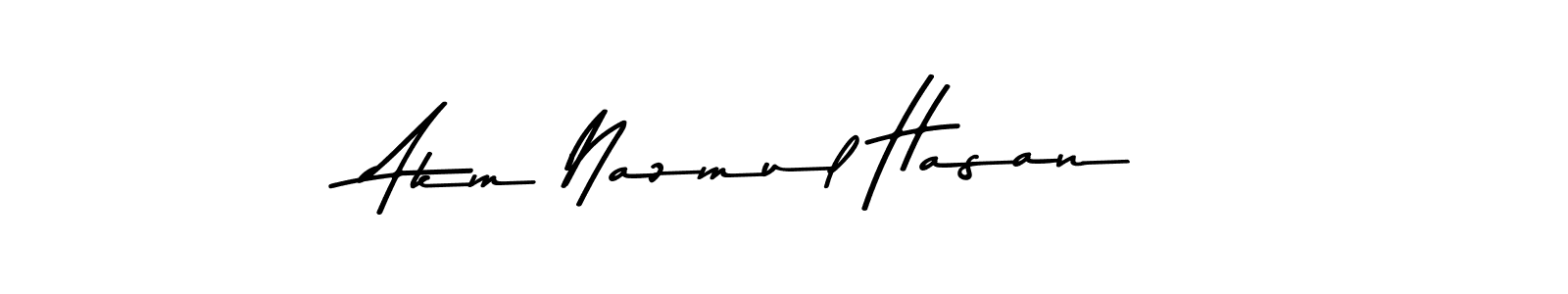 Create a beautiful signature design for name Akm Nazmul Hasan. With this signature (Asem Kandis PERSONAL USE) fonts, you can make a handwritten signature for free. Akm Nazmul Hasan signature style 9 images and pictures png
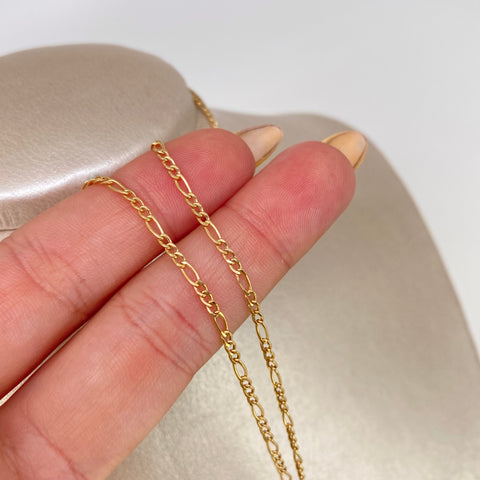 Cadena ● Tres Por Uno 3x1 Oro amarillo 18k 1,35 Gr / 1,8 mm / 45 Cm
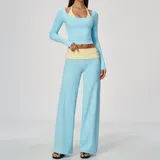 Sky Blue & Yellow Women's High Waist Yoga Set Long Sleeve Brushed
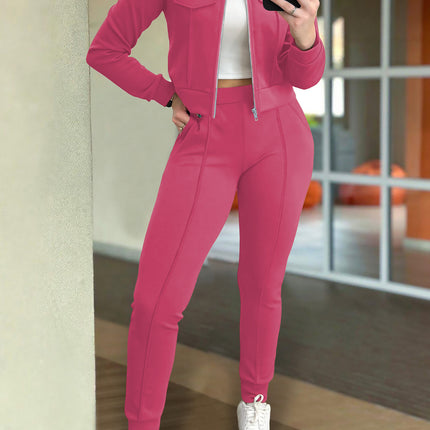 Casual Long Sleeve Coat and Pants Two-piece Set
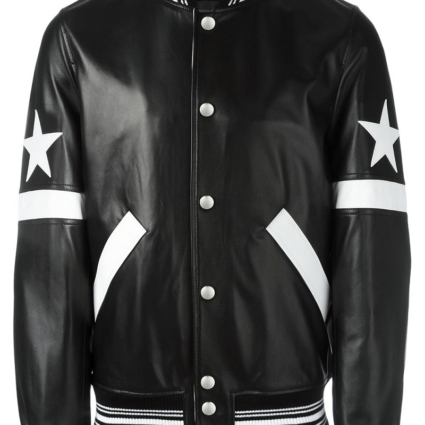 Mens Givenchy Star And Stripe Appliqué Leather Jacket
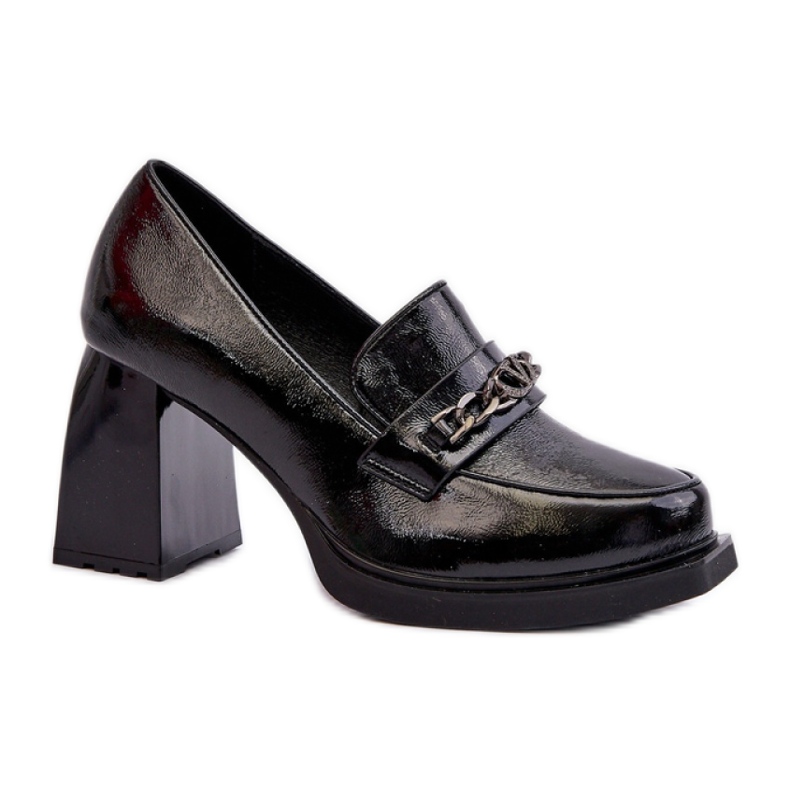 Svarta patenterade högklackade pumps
----
Exactly the lines from the one containing "Cadena ● Tres" through the end of the data above: repeat those, both ends included, and nothing else. Skip the pictures.

## REPLY
 Cadena ● Tres Por Uno 3x1 Oro amarillo 18k 1,35 Gr / 1,8 mm / 45 Cm
 Sky Blue & Yellow Women's High Waist Yoga Set Long Sleeve Brushed
 Casual Long Sleeve Coat and Pants Two-piece Set
 Mens Givenchy Star And Stripe Appliqué Leather Jacket
 Svarta patenterade högklackade pumps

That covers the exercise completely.